◆ ACTIVITY:
All of the data that follows is to be printed exactly, without pictures.

◆ RECORDED INFORMATION:
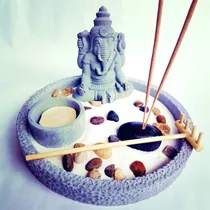Comprar Jardin Zen Buda Relajacion Feng Shui Armonia Zen Deco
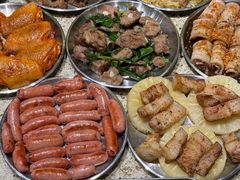 -姜胖胖首尔自助烤肉·蒸汽海鲜大排档(国瑞中心店)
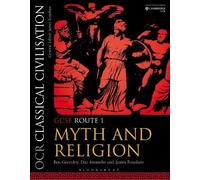 Ben Greenley James Renshaw Dan Me OCR Classical Civilisation GCSE Ro (Tascabile)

◆ TASK RESULT:
Comprar Jardin Zen Buda Relajacion Feng Shui Armonia Zen Deco
 -姜胖胖首尔自助烤肉·蒸汽海鲜大排档(国瑞中心店)
 Ben Greenley James Renshaw Dan Me OCR Classical Civilisation GCSE Ro (Tascabile)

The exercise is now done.